2007-08-08
QUARTA-CRESCENTE
Risoleta Pinto Pedro


O dedo e a ferida

"Study the past if you would define the future."

Confucius (551-478 AC.)



Conta-me Helena, confidencia-me num sussurro, como quem não quer, como quem não pode deixar de fazê-lo:

Quando era pequenina, havia um menino que tinha um especial talento para, mesmo em saber, principalmente sem saber, lhe revelar a ferida. Então, Helena ficava muito perturbada. A ferida era sempre a mesma: “Por que és tu uma estrangeira? E por que não falas a mesma língua que eu?”

Punha o dedo na ferida, deixava o frasco do álcool à vista e depois recuava levando com ele o algodão. Era um amigo muito misericordioso e pouco caridoso, o que está profundamente certo e totalmente de acordo com a ordem do universo. Precisamente o que ela necessitava, pois já nascera com um estojo de primeiros-socorros e o curso de auto-ajuda

Hoje, ele ter-lhe-ia dito: “Por que te é o corpo um país tão estranho e agreste? Por que te fica a matéria tão apertada na cintura da existência? Por que te é o mesmo mundo um imenso país estrangeiro? Quando reclamas a nacionalidade de aqui? Quando te passeias por aí como sendo de cá, com passaporte e visto? Quando esqueces que um dia terás de regressar e te permites aligeirar um bocadinho as talas? Quando te sentas, quando te instalas? Quando partilhas, quando te soltas, quando desfazes… as malas?”

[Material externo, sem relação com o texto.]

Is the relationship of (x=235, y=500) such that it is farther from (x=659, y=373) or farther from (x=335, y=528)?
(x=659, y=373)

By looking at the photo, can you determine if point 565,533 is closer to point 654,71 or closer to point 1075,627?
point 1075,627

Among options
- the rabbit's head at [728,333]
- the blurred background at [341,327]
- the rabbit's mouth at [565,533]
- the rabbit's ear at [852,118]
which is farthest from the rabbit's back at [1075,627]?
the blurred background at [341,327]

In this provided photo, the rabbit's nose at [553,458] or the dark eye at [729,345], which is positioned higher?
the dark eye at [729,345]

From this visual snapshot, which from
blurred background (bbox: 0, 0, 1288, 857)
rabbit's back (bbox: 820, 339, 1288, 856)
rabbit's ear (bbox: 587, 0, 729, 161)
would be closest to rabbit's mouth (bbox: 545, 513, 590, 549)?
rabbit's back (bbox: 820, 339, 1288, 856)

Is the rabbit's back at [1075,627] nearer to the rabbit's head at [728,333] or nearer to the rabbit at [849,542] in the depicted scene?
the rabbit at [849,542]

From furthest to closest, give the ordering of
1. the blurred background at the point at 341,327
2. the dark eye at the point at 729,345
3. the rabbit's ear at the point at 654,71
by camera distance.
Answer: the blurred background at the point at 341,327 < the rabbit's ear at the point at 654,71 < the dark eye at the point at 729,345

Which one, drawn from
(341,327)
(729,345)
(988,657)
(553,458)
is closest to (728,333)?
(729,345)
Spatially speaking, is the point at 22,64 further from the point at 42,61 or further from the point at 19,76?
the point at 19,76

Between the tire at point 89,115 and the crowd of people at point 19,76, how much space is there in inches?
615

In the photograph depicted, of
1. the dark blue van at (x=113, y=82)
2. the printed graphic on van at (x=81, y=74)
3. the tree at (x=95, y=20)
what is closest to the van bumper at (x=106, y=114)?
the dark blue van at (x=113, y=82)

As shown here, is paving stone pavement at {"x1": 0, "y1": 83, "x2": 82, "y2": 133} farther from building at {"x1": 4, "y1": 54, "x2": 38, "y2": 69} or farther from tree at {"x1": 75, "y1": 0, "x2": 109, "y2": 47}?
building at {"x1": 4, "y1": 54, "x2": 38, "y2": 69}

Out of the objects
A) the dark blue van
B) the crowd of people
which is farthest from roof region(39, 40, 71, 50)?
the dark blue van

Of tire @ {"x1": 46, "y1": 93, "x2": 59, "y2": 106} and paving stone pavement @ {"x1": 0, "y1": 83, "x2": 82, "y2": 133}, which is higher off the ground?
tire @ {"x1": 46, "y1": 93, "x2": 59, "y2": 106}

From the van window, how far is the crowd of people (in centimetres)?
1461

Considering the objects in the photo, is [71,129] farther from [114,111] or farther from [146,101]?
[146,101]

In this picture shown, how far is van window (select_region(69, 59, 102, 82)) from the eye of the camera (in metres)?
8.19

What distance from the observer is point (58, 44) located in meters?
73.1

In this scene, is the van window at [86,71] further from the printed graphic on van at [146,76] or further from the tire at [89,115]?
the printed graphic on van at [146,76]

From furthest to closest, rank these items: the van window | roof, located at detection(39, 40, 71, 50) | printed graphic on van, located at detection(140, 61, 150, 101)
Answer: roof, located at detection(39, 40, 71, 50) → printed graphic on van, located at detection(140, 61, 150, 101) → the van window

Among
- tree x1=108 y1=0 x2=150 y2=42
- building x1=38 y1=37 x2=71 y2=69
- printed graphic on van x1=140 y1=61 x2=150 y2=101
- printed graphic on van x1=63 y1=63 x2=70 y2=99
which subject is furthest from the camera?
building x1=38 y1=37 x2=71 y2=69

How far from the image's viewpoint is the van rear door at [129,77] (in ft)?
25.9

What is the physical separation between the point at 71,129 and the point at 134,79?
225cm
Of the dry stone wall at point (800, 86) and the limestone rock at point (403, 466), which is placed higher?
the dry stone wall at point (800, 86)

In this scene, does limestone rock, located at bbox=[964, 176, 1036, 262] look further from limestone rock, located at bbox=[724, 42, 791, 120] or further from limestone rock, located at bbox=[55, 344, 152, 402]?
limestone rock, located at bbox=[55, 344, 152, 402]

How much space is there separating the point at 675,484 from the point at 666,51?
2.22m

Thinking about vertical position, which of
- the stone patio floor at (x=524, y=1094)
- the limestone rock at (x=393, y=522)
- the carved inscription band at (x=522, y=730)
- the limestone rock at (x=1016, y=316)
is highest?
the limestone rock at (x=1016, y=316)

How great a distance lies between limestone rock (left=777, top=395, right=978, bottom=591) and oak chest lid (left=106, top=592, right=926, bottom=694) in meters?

Deliciosamente, maravilhosamente, duramente brutal.

Ela não sabe como reagiria hoje. Se com a culpa e a vergonha de então, a culpa e a vergonha de alguém apanhada a debater-se no meio do turbilhão… sem elegância e sem garbo. A culpa de se ter deixado cair no centro de um vendaval assim, a vergonha de ser descoberta, de nem sequer saber escondê-lo! Foi sempre esta a sua grande solidão, a impossibilidade da partilha do incómodo dos sapatos desconfortáveis e do espartilho asfixiante que sempre lhe foi a encarnação, ou como alguém que tem permanentemente a fralda molhada e não pode, nem quer, nem sabe, nem ousa pedir para ser mudada. Por não conseguir imaginar, sequer, que tem o direito a uma fralda enxuta. Porque não é culpa de ninguém que a fralda esteja molhada, já que foi mudada sempre que o teve de ser. Confunde-a que o seu sentimento mais íntimo, a sua condição mais antiga, seja tão transparente ao alheio olhar, apesar dos, pelos vistos indisfarçáveis esforços: a condição de clandestina, de não pertencer a esta viagem, de não perceber esta viagem, de não saber de onde partiu nem qual o percurso deste cruzeiro onde todos parecem divertir-se tanto, uns pela demasiadamente transparente alegria, outros com a insuficientemente oculta dor. E ela… com as malas permanentemente feitas ao fundo do beliche, o estojo do “nécessaire” sempre preparado, mas sem encontrar o caminho da saída. Vivendo permanentemente em véspera de viagem: “…ainda não sou de lá, e ainda não cheguei a ser daqui…”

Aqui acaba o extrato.